1979 – Grete Waitz

Source: Eric Giacoletto via Facebook

21-Oct-1979 – New York City Marathon – 2:27:32.6 – Adidas Marathon 80
Date of birth: 1-Oct-1953 (died 19-Apr-2011 – aged 57)
Nationality: Norwegian

The athlete:                
Having blown away the competition the year before, Grete Waitz was the clear favourite for the 1979 New York City Marathon. She had taken a sabbatical from teaching and now ran full-time, determined to properly train for her next shot at the event. By the halfway point she was on track to beat her previous time, ahead by the slim margin of four seconds. A few miles later, her husband yelled to her from the sidelines that she was on track to set another world record.

Despite fatigue beginning to make its presence felt, Waitz persevered and crossed the line in under 2:30, at the time making her the first woman to have ever achieved the feat. To give further context, she finished 69th overall in a field of 11,533 runners. Her nearest competition, Gillian Adams, finished over 10 minutes behind. It was a huge difference from her 1978 run, where she was entered so late she wasn’t listed on the official program, and had mostly been enjoying the sights along the route. Now the crowd knew her name, and cheered her along every step.

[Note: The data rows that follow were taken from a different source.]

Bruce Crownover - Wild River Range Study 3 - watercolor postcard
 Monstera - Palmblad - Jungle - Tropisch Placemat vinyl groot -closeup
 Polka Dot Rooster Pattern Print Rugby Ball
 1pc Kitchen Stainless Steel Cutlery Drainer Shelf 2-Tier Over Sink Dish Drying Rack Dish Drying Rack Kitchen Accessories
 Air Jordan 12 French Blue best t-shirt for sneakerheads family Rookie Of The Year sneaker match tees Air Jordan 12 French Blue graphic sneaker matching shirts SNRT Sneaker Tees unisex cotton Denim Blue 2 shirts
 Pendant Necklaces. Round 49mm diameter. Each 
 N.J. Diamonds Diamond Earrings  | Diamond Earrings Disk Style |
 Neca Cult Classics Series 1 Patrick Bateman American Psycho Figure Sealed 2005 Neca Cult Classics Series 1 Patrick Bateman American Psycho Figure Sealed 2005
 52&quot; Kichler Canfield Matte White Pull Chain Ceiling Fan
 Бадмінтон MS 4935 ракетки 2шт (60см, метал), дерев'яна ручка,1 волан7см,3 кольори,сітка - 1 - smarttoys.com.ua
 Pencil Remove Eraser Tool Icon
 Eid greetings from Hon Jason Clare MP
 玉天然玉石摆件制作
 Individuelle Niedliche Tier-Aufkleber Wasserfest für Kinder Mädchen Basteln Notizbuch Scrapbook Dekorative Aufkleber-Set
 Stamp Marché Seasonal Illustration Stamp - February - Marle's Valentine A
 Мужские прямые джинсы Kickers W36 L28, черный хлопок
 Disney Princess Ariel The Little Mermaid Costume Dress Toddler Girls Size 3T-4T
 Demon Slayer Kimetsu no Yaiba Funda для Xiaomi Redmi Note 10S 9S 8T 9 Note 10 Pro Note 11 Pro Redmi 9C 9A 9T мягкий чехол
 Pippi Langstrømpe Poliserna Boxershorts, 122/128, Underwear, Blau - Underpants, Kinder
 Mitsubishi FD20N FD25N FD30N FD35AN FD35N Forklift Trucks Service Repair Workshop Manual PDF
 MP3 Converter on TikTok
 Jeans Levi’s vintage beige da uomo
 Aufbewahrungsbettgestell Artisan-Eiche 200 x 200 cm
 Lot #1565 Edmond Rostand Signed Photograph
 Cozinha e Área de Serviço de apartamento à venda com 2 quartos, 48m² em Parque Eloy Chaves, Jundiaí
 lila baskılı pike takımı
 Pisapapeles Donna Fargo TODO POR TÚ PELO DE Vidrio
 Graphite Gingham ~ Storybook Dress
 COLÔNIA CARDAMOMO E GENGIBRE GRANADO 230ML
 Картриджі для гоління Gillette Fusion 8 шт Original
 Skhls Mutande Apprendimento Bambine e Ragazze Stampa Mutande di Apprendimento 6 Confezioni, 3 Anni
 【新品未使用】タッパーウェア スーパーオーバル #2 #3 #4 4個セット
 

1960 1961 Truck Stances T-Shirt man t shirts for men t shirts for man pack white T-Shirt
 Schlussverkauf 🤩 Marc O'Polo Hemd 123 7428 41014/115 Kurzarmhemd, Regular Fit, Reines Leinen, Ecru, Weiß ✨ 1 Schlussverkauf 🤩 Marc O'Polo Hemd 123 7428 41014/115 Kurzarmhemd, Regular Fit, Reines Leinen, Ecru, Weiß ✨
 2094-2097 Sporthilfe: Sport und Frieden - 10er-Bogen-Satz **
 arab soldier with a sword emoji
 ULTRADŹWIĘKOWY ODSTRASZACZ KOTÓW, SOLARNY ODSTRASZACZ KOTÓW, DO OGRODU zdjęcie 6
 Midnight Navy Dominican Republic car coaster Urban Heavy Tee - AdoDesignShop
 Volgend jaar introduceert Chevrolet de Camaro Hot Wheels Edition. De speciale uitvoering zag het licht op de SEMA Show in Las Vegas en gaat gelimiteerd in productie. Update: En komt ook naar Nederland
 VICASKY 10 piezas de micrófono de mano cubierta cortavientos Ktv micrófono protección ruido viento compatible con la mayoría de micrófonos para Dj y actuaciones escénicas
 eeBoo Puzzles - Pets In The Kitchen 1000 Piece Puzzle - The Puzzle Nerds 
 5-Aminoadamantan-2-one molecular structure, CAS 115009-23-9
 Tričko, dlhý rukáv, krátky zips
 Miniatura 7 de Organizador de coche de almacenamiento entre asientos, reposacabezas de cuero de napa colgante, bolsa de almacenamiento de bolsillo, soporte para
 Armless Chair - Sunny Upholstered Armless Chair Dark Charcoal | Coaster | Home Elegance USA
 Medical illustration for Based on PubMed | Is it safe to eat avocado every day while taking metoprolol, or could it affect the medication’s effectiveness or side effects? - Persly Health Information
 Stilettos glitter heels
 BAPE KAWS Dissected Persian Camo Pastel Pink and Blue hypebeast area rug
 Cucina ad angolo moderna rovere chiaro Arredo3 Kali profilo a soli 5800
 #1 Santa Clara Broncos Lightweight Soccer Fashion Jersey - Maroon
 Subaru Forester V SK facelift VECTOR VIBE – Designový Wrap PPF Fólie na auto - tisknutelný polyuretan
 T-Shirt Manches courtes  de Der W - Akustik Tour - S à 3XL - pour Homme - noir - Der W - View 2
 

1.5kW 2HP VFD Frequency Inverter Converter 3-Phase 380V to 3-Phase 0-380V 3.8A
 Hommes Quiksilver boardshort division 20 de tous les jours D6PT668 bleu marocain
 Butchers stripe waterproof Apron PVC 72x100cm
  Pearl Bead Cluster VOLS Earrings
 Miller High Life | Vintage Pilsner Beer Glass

As with her 1978 performance however, the course used by the New York City Marathon at the time was remeasured in 1985 and found to be short by as much as 152.4 metres. You can read more about this in an article I wrote for this website. World Athletics invalidated results set in the 1981 event but not previous years despite the same course being used. Accordingly, the Association of Road Racing Statisticians (ARRS) do not consider this to have been the marathon world record at the time. The ARRS are an independent group created years later by many former racing officials and supported by researchers from across the world.

It should not however be understated what Waitz achieved by setting the course record, and at the time having officially broken the 2:30 barrier in the marathon. Waitz grabbed the attention and imagination of runners around the world with her win. In many ways it set the scene for the final transformation of women’s distance running into the profession it is today.